PROBLEM DESCRIPTION
Starting with the line that holds "(OpenBox) 12-Light Clear" and stopping after the line that holds "Coffee break menu", repeat the lines below word for word, without the pictures.

STORED DATA
* * *

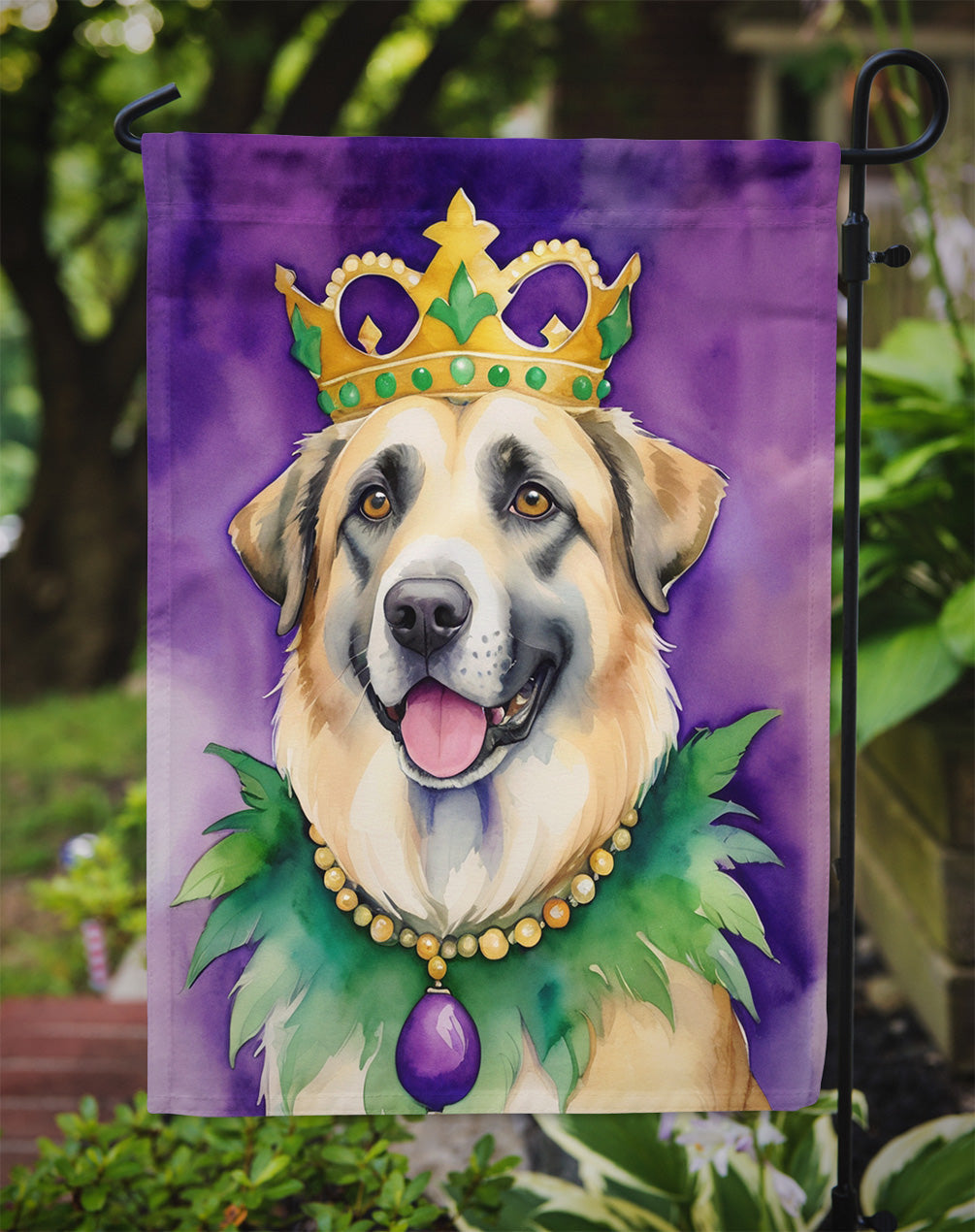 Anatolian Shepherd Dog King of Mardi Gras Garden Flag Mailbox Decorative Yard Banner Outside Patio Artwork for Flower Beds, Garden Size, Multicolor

* * *

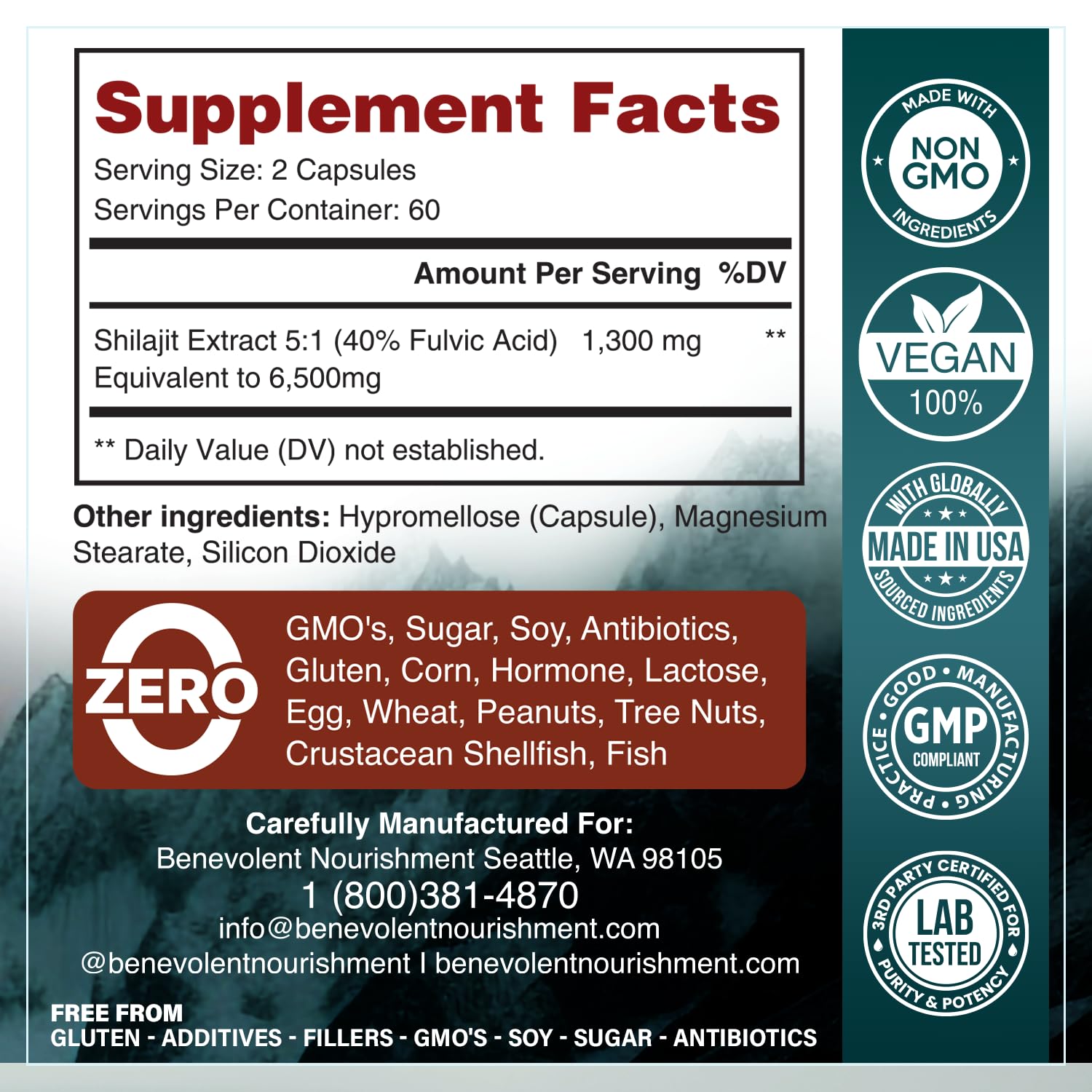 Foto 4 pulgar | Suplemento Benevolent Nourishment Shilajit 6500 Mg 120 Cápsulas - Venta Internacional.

* * *

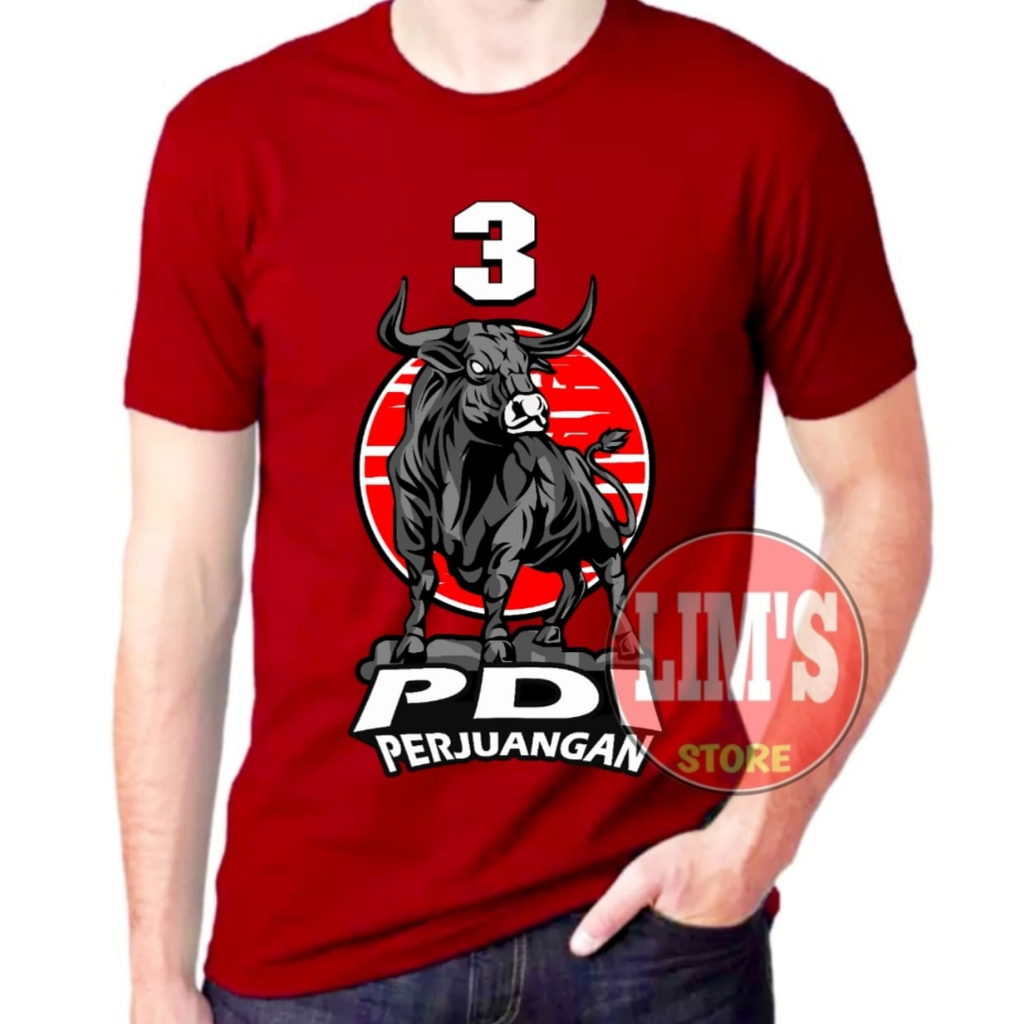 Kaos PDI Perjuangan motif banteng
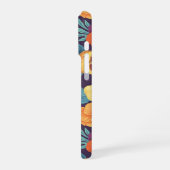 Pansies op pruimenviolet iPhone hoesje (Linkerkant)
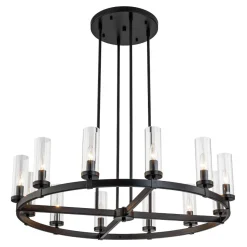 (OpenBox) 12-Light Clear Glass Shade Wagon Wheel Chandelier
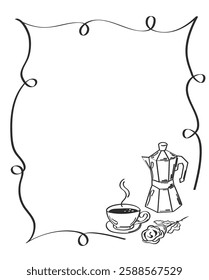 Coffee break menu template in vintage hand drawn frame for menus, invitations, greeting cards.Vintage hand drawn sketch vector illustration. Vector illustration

* * *

ANSWER TO THIS EXERCISE
 (OpenBox) 12-Light Clear Glass Shade Wagon Wheel Chandelier
 Coffee break menu template in vintage hand drawn frame for menus, invitations, greeting cards.Vintage hand drawn sketch vector illustration. Vector illustration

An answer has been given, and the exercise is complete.